# THE PROBLEM:
Instruction for the entries below: return the part that opens with the line containing "Pack of 3 Women" and closes with the line containing "Умивальник Miraggio LOOP", exactly, and no pictures.

# DATASET EXTRACT:
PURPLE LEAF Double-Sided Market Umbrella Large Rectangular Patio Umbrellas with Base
--
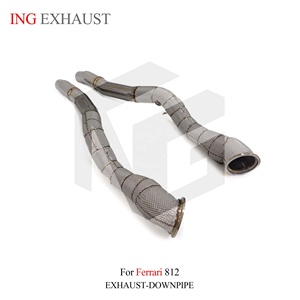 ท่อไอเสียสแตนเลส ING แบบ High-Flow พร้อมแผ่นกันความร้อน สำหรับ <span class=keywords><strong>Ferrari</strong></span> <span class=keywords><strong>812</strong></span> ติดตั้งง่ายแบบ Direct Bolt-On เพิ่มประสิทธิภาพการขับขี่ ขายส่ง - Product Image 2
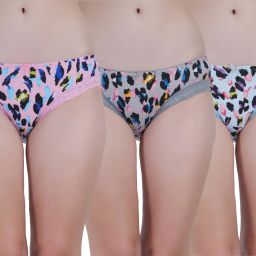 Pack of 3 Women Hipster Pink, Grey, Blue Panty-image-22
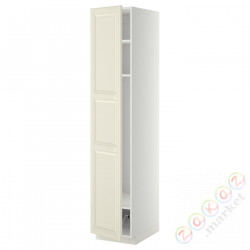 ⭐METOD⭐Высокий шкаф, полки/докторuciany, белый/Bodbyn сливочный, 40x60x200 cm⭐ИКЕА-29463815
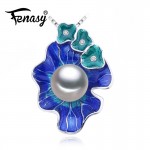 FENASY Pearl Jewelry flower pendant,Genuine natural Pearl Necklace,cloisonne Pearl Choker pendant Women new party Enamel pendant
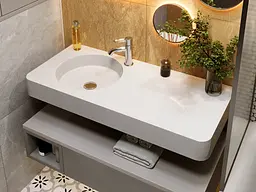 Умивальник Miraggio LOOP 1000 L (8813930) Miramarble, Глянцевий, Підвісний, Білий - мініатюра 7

# ANSWER SPACE:
 Pack of 3 Women Hipster Pink, Grey, Blue Panty-image-22
 ⭐METOD⭐Высокий шкаф, полки/докторuciany, белый/Bodbyn сливочный, 40x60x200 cm⭐ИКЕА-29463815
 FENASY Pearl Jewelry flower pendant,Genuine natural Pearl Necklace,cloisonne Pearl Choker pendant Women new party Enamel pendant
 Умивальник Miraggio LOOP 1000 L (8813930) Miramarble, Глянцевий, Підвісний, Білий - мініатюра 7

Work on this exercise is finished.